Émouvant et triste comme seules peuvent l'être les chansons de songwriters barbus aux cheveux sales, Brace The Wave sort paradoxalement sur le label Joyful Noise Records. Un pied de nez mais, au bout de trente ans de carrière, Lou Barlow n'en est pas à ça près. Après avoir sorti Dinosaur Jr et Sebadoh de leur hibernation, il remet le couvert en solo cette année. Et comme lors de l'écriture de Defend Ourselves, la période traversée est difficile et suffisamment marquante - 25 ans de mariage réduit en miettes - pour en offrir un témoignage intime tout en sensibilité.
La recette est connue et n'a pas prétention à changer. De prétention, d'ailleurs, Lou Barlow n'a pas pour objectif d'en faire montre. Brace The Wave est un instantané, composé sur le vif, mis en boîte en six jours par son nouveau meilleur ami, le producteur Justin Pizzoferrato qui l'accompagne depuis la reformation de Dinosaur Jr, pour en garder l'éphémère arôme avant qu'il ne se dilue.
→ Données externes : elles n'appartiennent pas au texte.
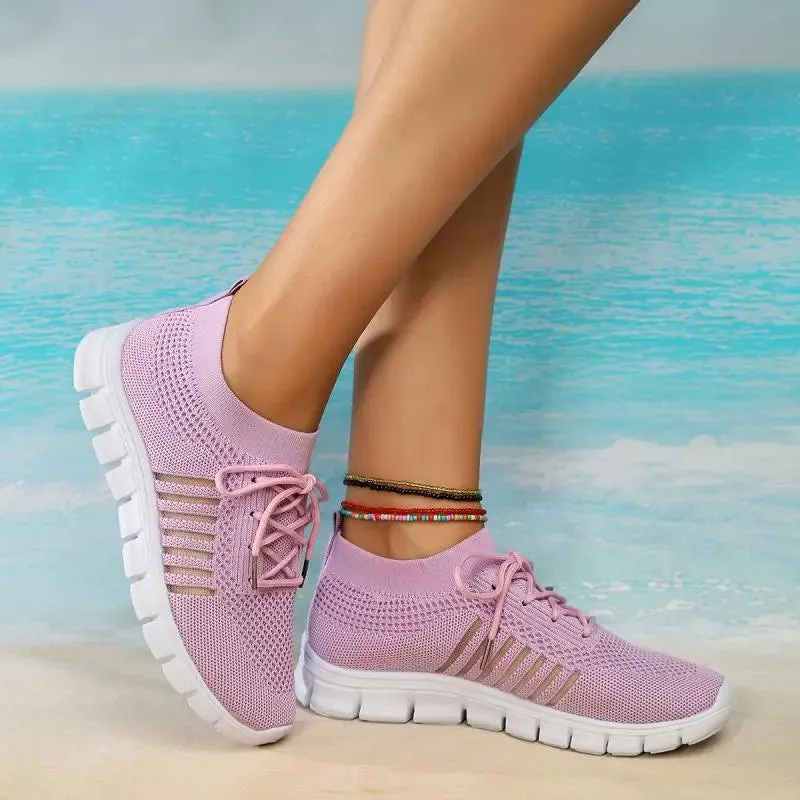 Women's trainers with lightweight soft sole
Mélodies simples, orchestration dépouillée, ce nouvel album a le charme du lo-fi et la sincérité de sa spontanéité. Un titre comme "Push" aurait pu être composé par ton voisin mais ton voisin n'est pas Lou Barlow, qui traîne ses guêtres sur scène depuis un bail, sans jamais avoir trahi son style et son esthétique.
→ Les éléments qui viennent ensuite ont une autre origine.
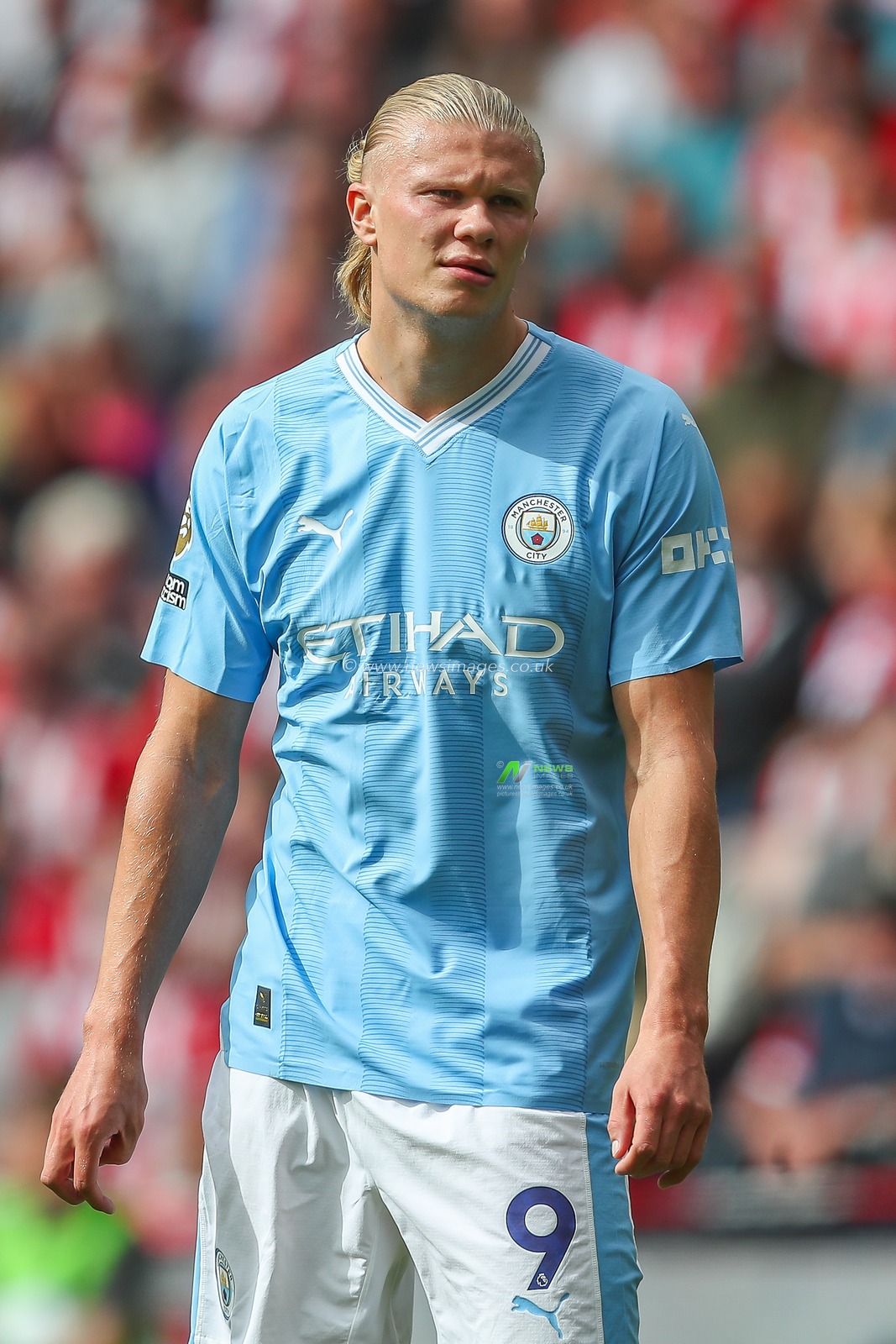Erling Haaland #9 of Manchester City in action during the Premier League match Sheffield United vs Manchester City at Bramall Lane, Sheffield, United Kingdom, 27th August 2023

(Photo by Gareth Evans/News Images)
L'ensemble, réduit à son strict minimum, reste fluide. "Moving", avec son ukulele accordé au plus bas, se déroule improvisée à nos oreilles et, à la réécoute, on imagine qu'elle prendrait une direction différente. "Nerve" se tend juste comme il faut, tandis que "Boundaries" révèle un pouvoir introspectif plus doux-amer. Brace The Wave ressemble à un journal intime, dont l'écriture n'est ni originale, ni forcée. Des propos universels, en somme, et c'est sans doute pour cela qu'ils résonnent pour tous.
Et l'on apprécie cette pudeur, là où des artistes comme Thurston Moore et J Mascis ont monté des arrangements plus épais (sans que ce soit un mal en soi). Lou Barlow prouve malgré lui que lorsque le talent est là, l'émotion découle avec un naturel qui ne doit rien au hasard.